Apache Iceberg Connector
Write streaming events to Apache Iceberg tables for analytics and lakehouse workloads.
Table of contents
- Overview
- Implementation Status
- Quick Start
- Catalog Configuration
- Storage Configuration
- Batch and Performance Configuration
- Partitioning
- Commit Modes
- Schema Evolution
- Metrics & Observability
- Complete Production Example
- Querying Data
- Monitoring
- Troubleshooting
- API Reference
- See Also
Overview
The Apache Iceberg connector enables real-time streaming of events from Rivven to Iceberg tables. This connector uses the official Apache Iceberg Rust SDK (iceberg crate v0.8.0) for catalog operations, providing production-ready table management.
Features
- Catalog Management: REST and Memory catalogs with full Iceberg SDK integration
- Automatic Table Creation: Auto-create namespaces and tables with schema inference
- Transaction Support: Atomic commits via Iceberg SDK Transaction API
- Multiple Catalog Types: REST (Polaris, Tabular, Lakekeeper), Glue, Hive, Memory
- Storage Backends: S3, GCS, Azure, Local filesystem
- Lock-Free Metrics: Atomic counters for observability (records, bytes, latency)
- Commit Retry: Exponential backoff on transaction conflicts (100ms → 200ms → 400ms)
Iceberg Table Format Benefits
- ACID Transactions: Concurrent reads and writes with snapshot isolation
- Time Travel: Query data as of any point in time
- Schema Evolution: Add, rename, and drop columns without rewriting data
- Partition Evolution: Change partitioning without data migration
- Hidden Partitioning: Partition without exposing partition columns to users
Implementation Status
The Iceberg connector is built on the official Apache Iceberg Rust SDK for full catalog, table management, and data file writing:
| Feature | Status | Notes |
|---|---|---|
| REST Catalog | ✅ Full | Uses iceberg-catalog-rest v0.8.0 |
| Memory Catalog | ✅ Full | For testing and development |
| Namespace Management | ✅ Full | Create, check existence |
| Table Management | ✅ Full | Create, load, check existence |
| Schema Definition | ✅ Full | Iceberg SDK schema types |
| Parquet File Writing | ✅ Full | Full SDK writer stack with atomic commits |
| Transaction API | ✅ Full | Atomic appends via fast_append() |
| AWS Glue Catalog | 🔄 Planned | Use REST catalog with Lake Formation |
| Hive Metastore | 🔄 Planned | Use REST catalog with Polaris |
Writer Stack Architecture
The connector uses the full Iceberg SDK writer stack for production-ready data ingestion:
// Production writer pipeline:
ParquetWriterBuilder::new(writer_props, iceberg_schema)
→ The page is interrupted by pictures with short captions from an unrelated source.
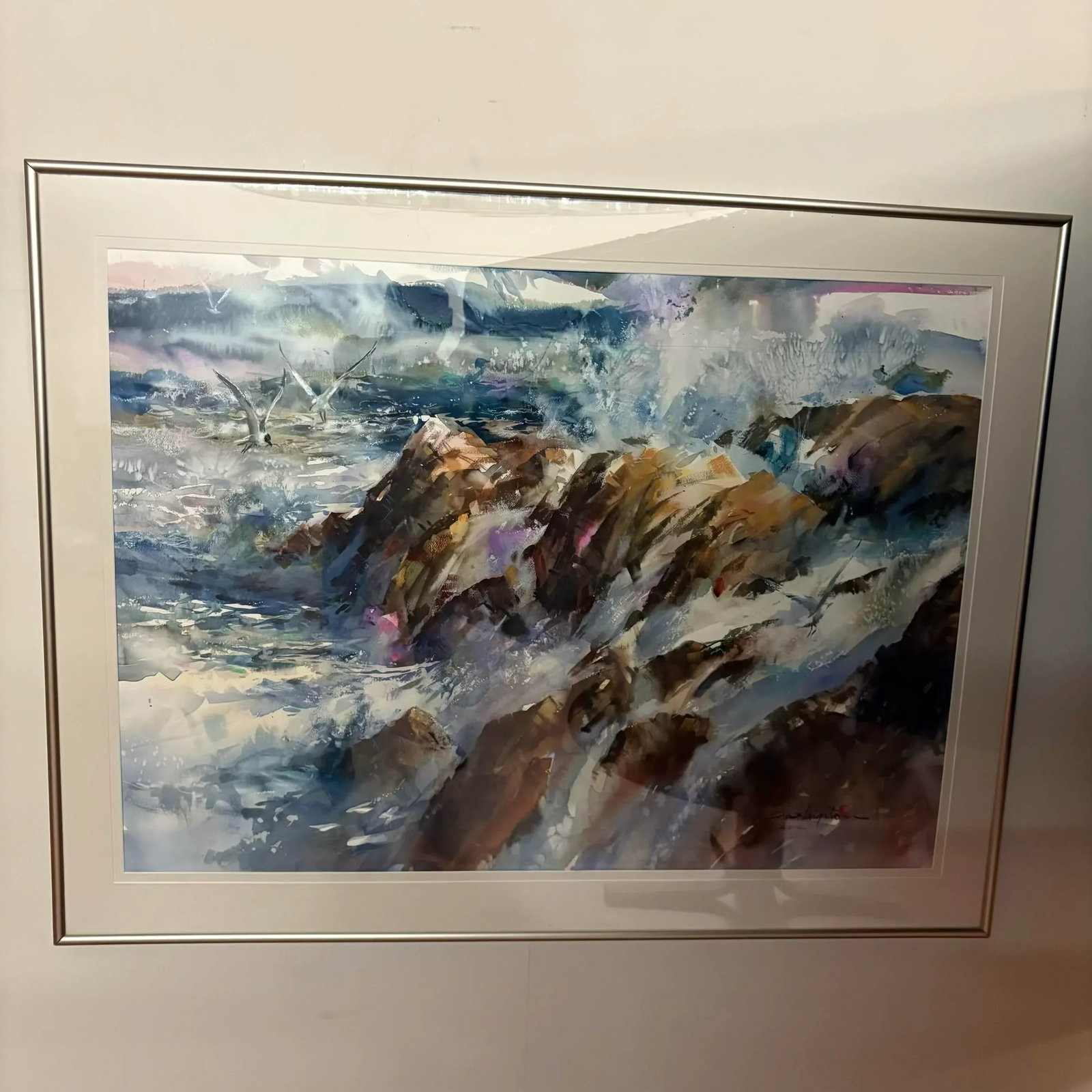 Brent Heighton Watercolor Painting "Alluring" - Framed Coastal Seascape - 6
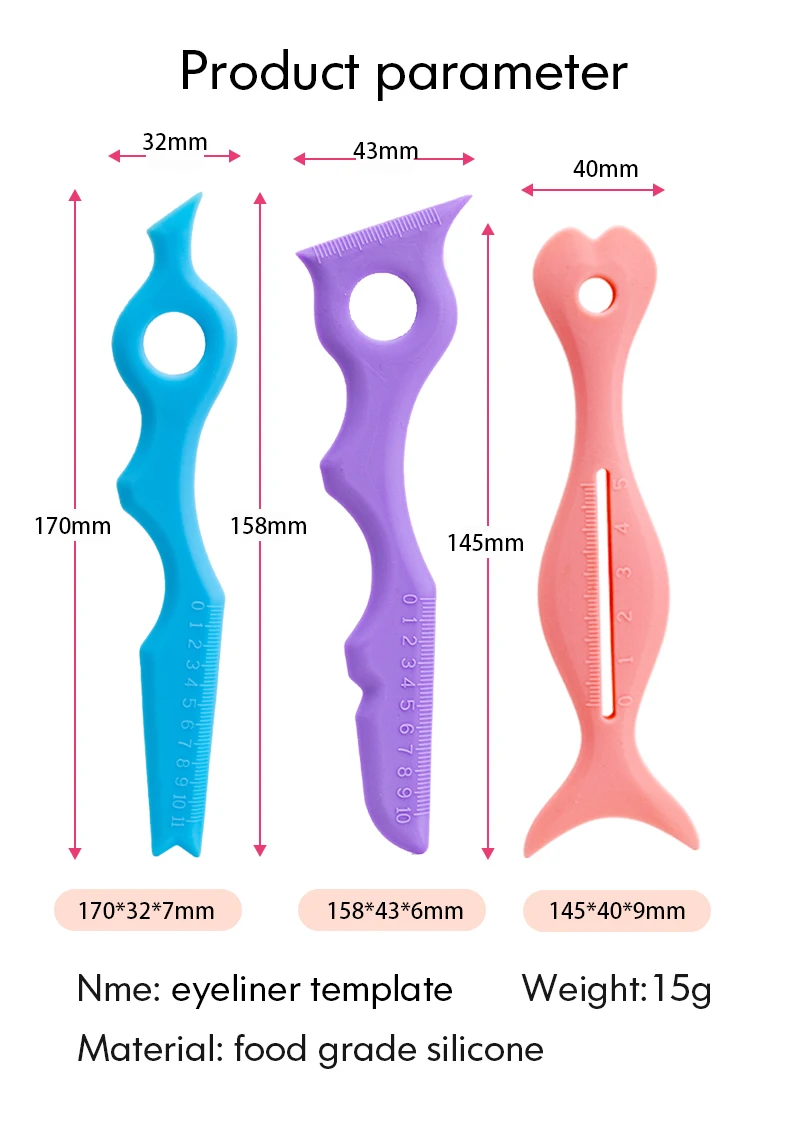 Eyeliner Stencil Ruler Reusable Silicone Mascara Guard Tool Eye Makeup
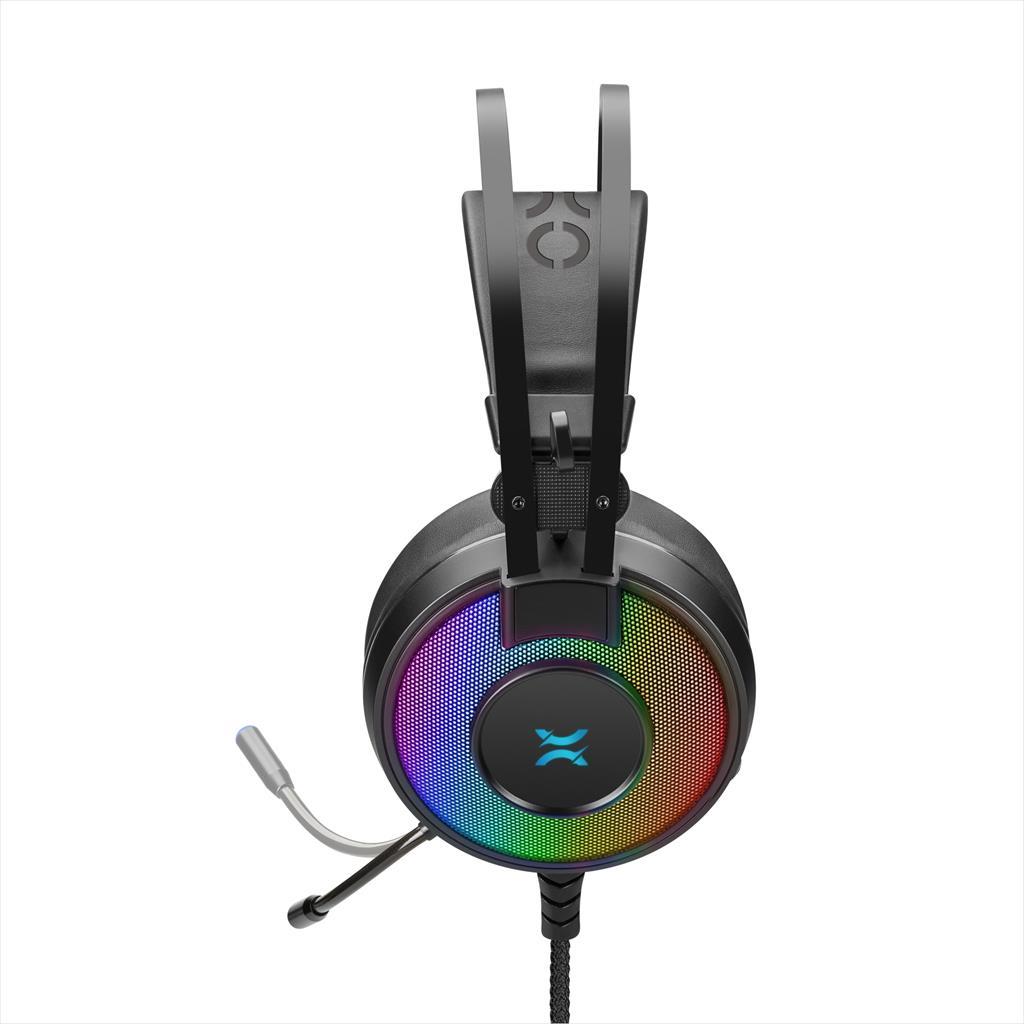 HEADPHONE NOXO CYCLONE GAMING HEADSET, FLEXIBLE MICROPHONE, 2 x 3.5 mm, USB (for illumination), RAINBOW ILLUMINATED EAR CUPS, BRAIDED CABLE 41255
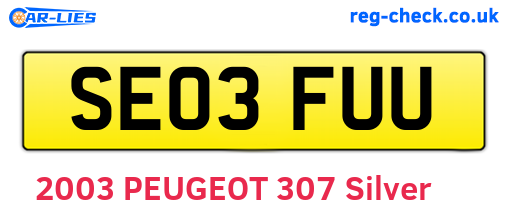 SE03FUU are the vehicle registration plates.
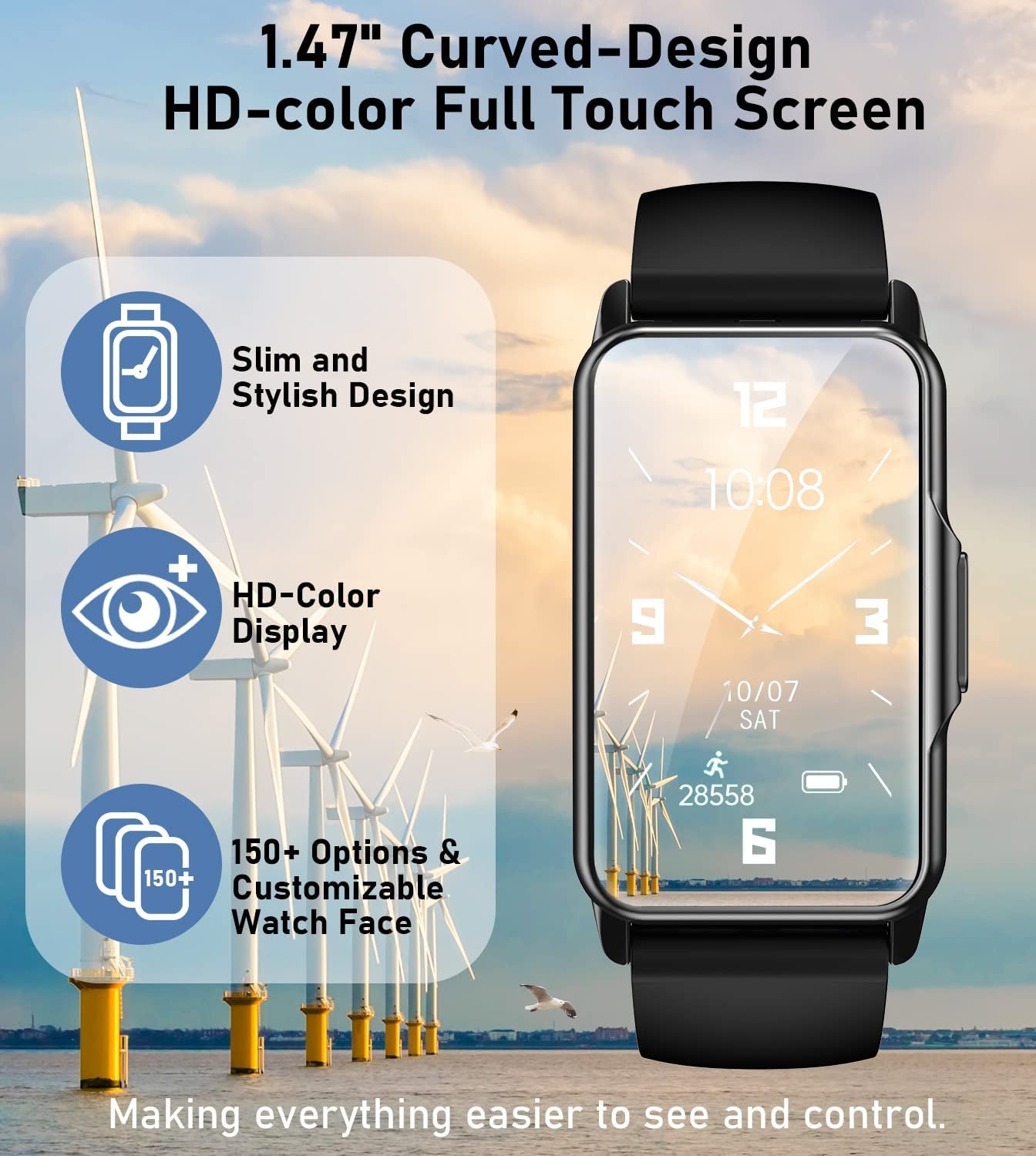 Fitness Smartwatch - Tracker with Heart Rate Oxygen Blood Pressure & Sleep Monitor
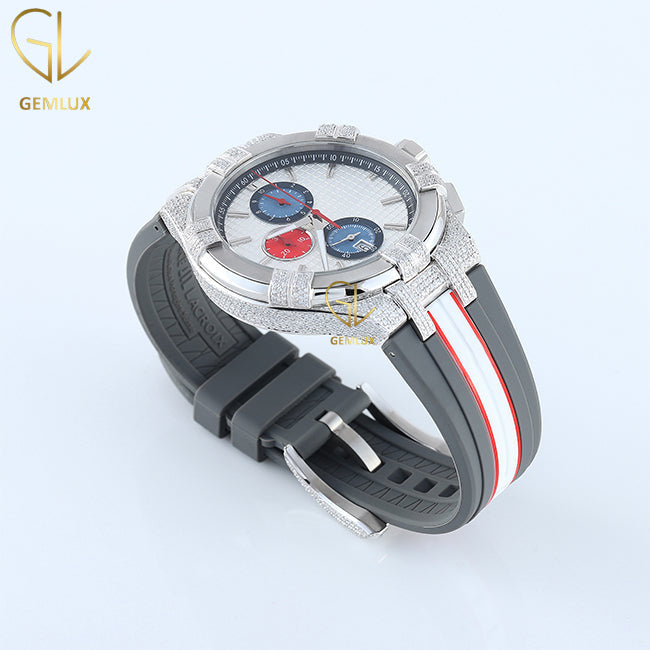 Chronograph Moissanite Diamond Leather Strap Hip Hop Watch For Men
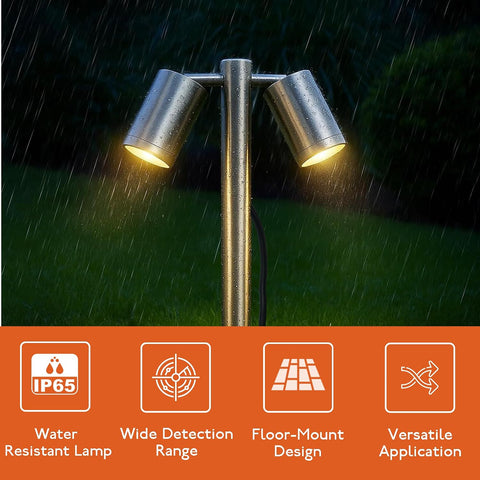 UKEW Twin Garden Spike Light - Adjustable Head GU10 LED Spike Lamp - IP65 Waterproof Tree Spotlight for Outdoor Pathway Lighting - Aluminum Ground Mount LED Compatible Fitting
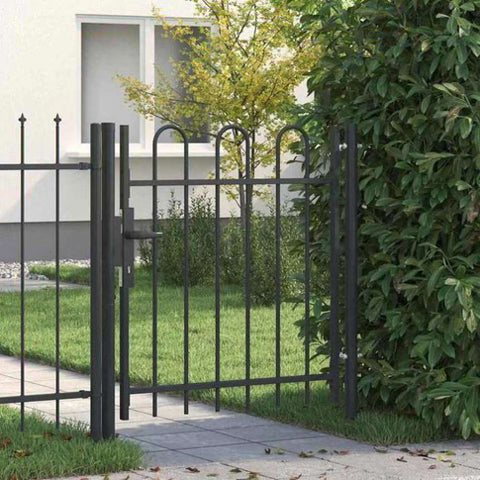 Fence Gate Grey 100 x 100 cm Powder coated steel 42008867
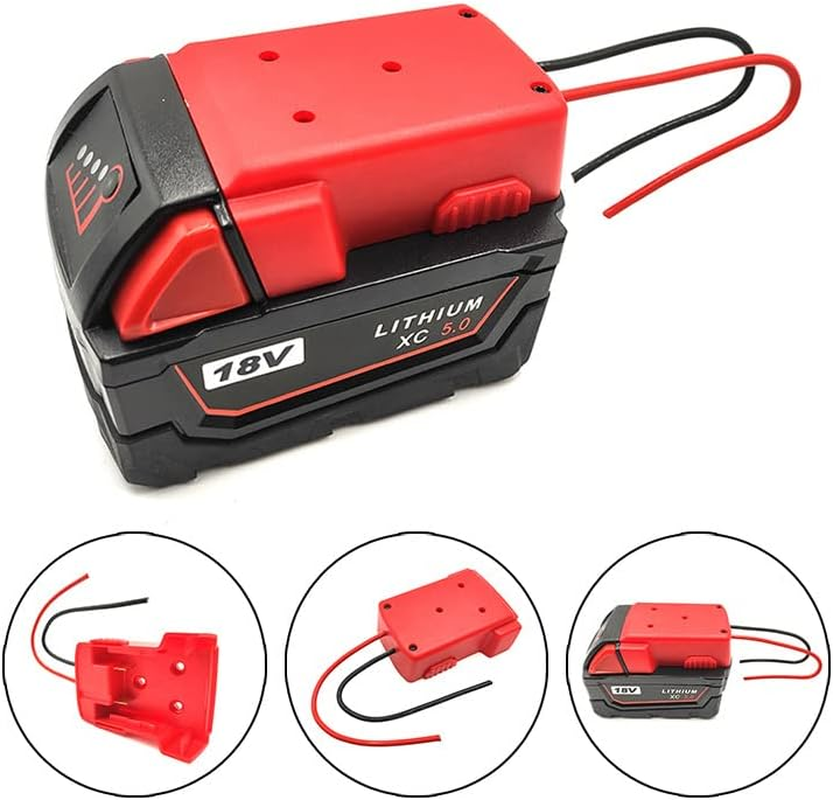DIY for Milwaukee M18 XC 18V DIY Project Battery Adapter/Base Power 2 Wirings (2X Red) image number 6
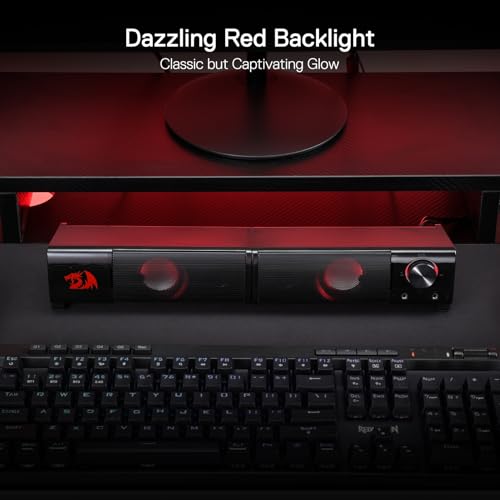 Redragon GS550 PC Gaming Speakers 2.0 Channel Stereo Enhanced Sound, Black | Compact Maneuverable Size, Headphone Jack, Decent Red Backlight, Plug & Play USB Powered Desktop Computer Speaker - color: Black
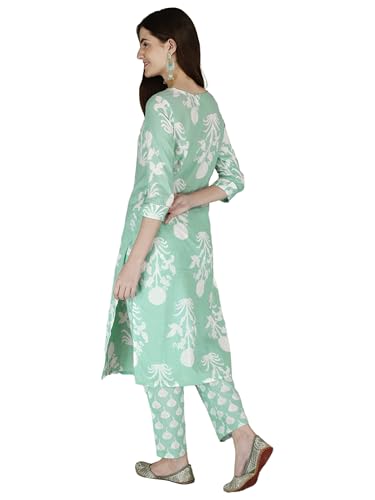 Women's Cotton Printed Kurta Set - Elegant Green Floral Print with 3/4th Sleeves, Festive Wear.4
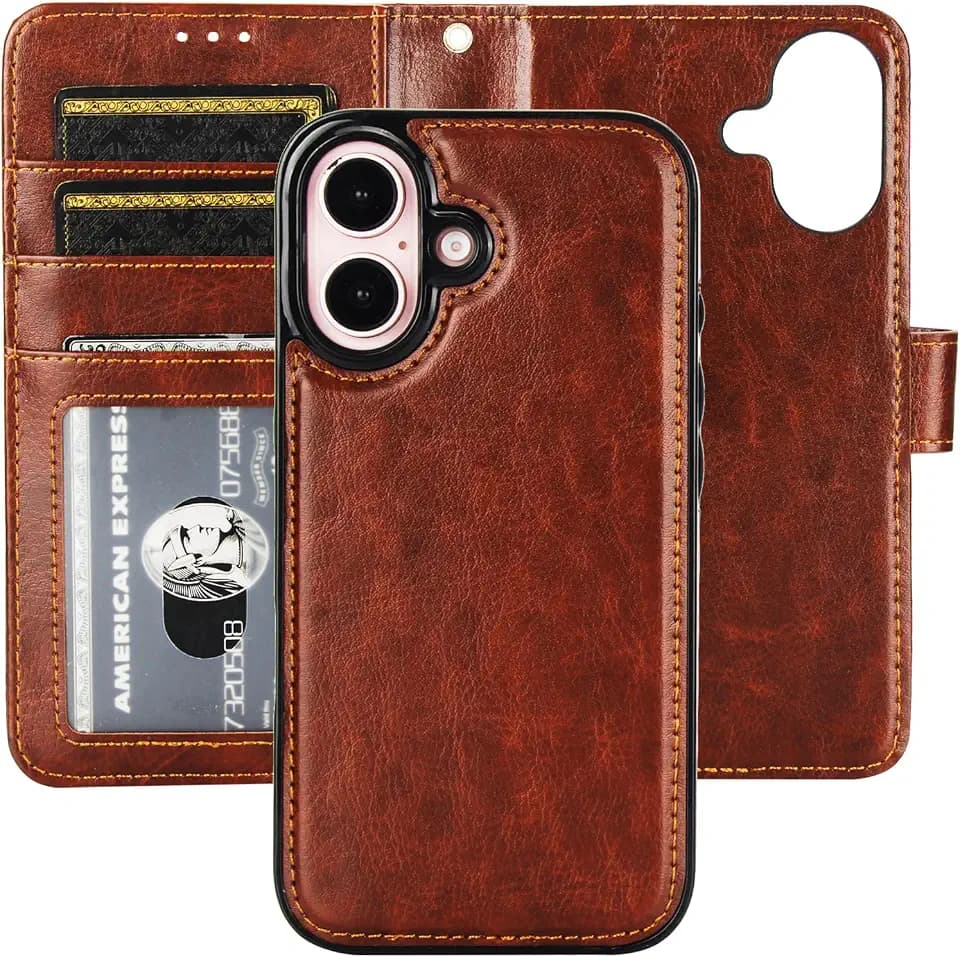 Bocasal Detachable Wallet Case Card Holder for iPhone 16, Brown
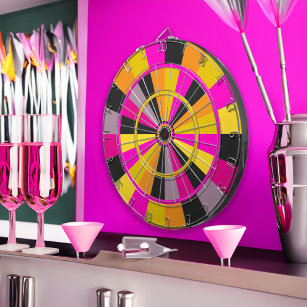 Hot Pink Black and Gold Gaming Room Fun Dartboard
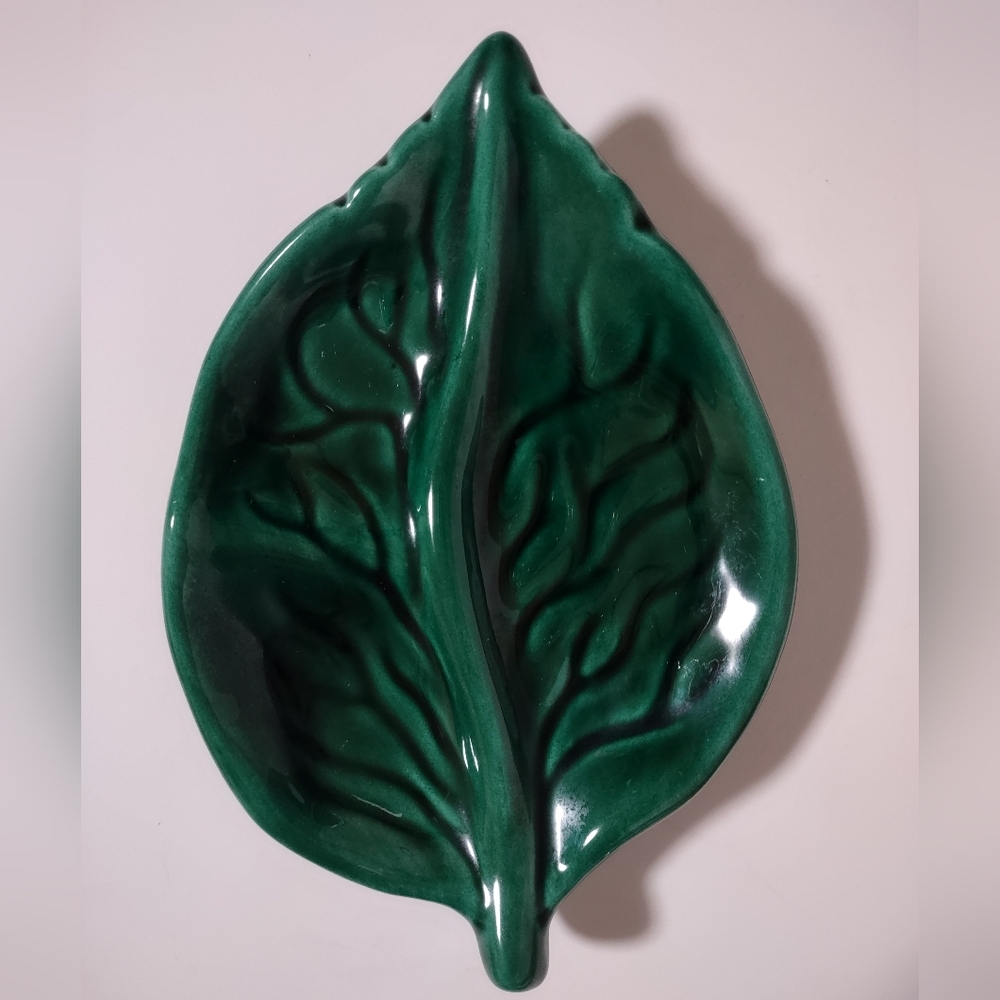 Vintage Ferlay Vallauris Pottery Green Leaf Trinket Dish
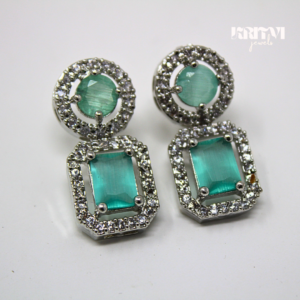 Emerald Green Halo Drop Earrings Set in Silver Finish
→ RollingFileWriterBuilder (file size limits)
→ DataFileWriterBuilder (Iceberg data files)
→ Transaction::fast_append() (atomic commit)
Key Features:
- Parquet v57.x: Uses the latest Arrow/Parquet ecosystem (arrow v57, parquet v57)
- Configurable Compression: Snappy (default), Gzip, LZ4, Zstd, Brotli, or None
- Rolling Files: Automatic file rotation at configurable size limits
- Iceberg Field IDs: Proper schema metadata via
schema_to_arrow_schema - Unique File Names: UUID-suffixed file names for concurrent writes
- Atomic Commits: Transaction API ensures data consistency
- Table Reload: Automatic table metadata refresh after each commit
- Structured Logging: Full observability with tracing integration
Quick Start
Prerequisites
- An Iceberg catalog (REST, AWS Glue, or Hive Metastore)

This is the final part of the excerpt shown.